Physical activity is a powerful stress reducer and essential for weight loss. Aim for at least 150 minutes of moderate-intensity aerobic activity per week, such as brisk walking, swimming, or cycling. Consider including some short, high-intensity interval training (HIIT) workouts to maximise your results in limited time and get a really good bath of happy hormones and endorphins in your brain!

  1. Foster social connections

Building a strong support network can help buffer the negative effects of stress and provide encouragement during your weight loss journey. Reach out to friends, family, or fellow entrepreneurs who share similar goals and challenges. You might also consider joining a support group or hiring a coach to help you stay accountable and motivated. Trying to conquer something alone can be really isolating and feed into a cycle of stress and that can be exceptionally hard to escape once you’re there. If you want to chat about coaching, get your free intro call booked in to day, here.

  1. Optimise your sleep

Aim for 7-9 hours of quality sleep per night to promote recovery, regulate appetite, and balance hormones. Establish a consistent sleep schedule and create a relaxing bedtime routine to signal to your body that it’s time to wind down. Sleep is probably the most underrated weight loss tool on the planet!
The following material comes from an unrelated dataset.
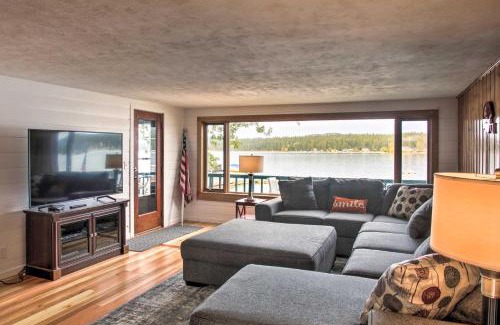 Diamond Lake Maison | Diamond Lake Home with Dock Close to 2 Ski Resorts!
  1. Set boundaries and manage your time

Establish work-life boundaries to prevent burnout and manage stress. Prioritise tasks, delegate when possible, and ensure you allocate time for hobbies, socializing, and relaxation.

  1. Learn to say “no”

Resist the urge to overcommit by learning to say “no” to non-essential tasks and requests. Protecting your time and energy is vital for managing stress and maintaining your overall well-being. Saying “no” in the day and age we live in, has become a skill and it is very old fashioned to see turning down a social or work function as “rude”. Remember that!